Pulmonary Manifestations of Systemic Lupus Erythematosus

Shikha Mittoo, MD, MHS, FRCPC; Charlene D. Fell, MD, MSc, FRCPC, FCCP

Disclosures

Semin Respir Crit Care Med. 2014;35(2):249-254. 

In This Article

Abstract and Introduction

Abstract

Systemic lupus erythematosus (SLE) is a systemic inflammatory disease, characterized serologically by an autoantibody response to nucleic antigens, and clinically by injury and/or malfunction in any organ system. During their disease course, up to 50% of SLE patients will develop lung disease. Pulmonary manifestations of SLE include pleuritis (with or without effusion), inflammatory and fibrotic forms of interstitial lung disease, alveolar hemorrhage, shrinking lung syndrome, pulmonary hypertension, airways disease, and thromboembolic disease. Two major themes inform our understanding of SLE-associated pulmonary manifestations: first, the presence of specific autoantibodies correlates with the presence of certain pulmonary manifestations and second, vascular injury marks a common pathophysiologic thread among the various SLE-related lung diseases.

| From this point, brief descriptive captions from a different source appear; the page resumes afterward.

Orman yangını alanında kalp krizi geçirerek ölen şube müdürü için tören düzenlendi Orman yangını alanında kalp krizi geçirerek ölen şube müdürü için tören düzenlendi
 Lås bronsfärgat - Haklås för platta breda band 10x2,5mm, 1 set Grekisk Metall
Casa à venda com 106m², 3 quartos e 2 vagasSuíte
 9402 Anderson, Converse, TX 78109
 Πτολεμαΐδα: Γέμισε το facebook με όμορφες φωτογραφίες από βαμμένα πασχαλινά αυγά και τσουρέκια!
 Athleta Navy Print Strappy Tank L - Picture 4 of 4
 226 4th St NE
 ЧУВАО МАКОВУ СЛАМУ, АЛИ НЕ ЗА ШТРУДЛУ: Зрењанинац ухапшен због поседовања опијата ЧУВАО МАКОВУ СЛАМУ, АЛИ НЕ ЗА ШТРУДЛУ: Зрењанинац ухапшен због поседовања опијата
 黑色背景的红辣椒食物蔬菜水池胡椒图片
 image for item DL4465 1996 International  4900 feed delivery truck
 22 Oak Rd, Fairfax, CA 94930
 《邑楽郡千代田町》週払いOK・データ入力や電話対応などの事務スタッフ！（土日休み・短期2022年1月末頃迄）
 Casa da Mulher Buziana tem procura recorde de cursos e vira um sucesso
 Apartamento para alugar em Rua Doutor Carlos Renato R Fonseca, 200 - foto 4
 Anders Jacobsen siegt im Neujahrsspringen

This review will focus on the clinical presentation, pathogenesis, pathology, management, and prognosis of these SLE-associated lung conditions.

Introduction

Systemic lupus erythematosus (SLE) is a systemic autoimmune disease with a predilection for young women. Lung involvement is a known complication of the disease and/or its treatments; up to 50% of SLE patients experience such involvement during their disease course.[1] Broadly speaking, pulmonary complications of SLE can be divided into three categories: infectious, malignant, and disease related. Although pulmonary infections typically affect the airways and/or parenchyma, complications attributable to SLE can affect all compartments of the lungs and include pleuritis (with or without effusion), interstitial lung disease (ILD), alveolar hemorrhage, shrinking lung syndrome (SLS), pulmonary hypertension (PH), airways disease, and thromboembolic disease. A heightened awareness of SLE-related pulmonary manifestations among clinicians and the evolution of more sensitive tools which capture lung involvement have also lead to the recognition that subclinical lung involvement occurs at a greater frequency than clinically identifiable involvement. This review will focus primarily on the clinical presentation, pathogenesis, pathology, management, and outcome of clinically identifiable pulmonary manifestations attributable to SLE.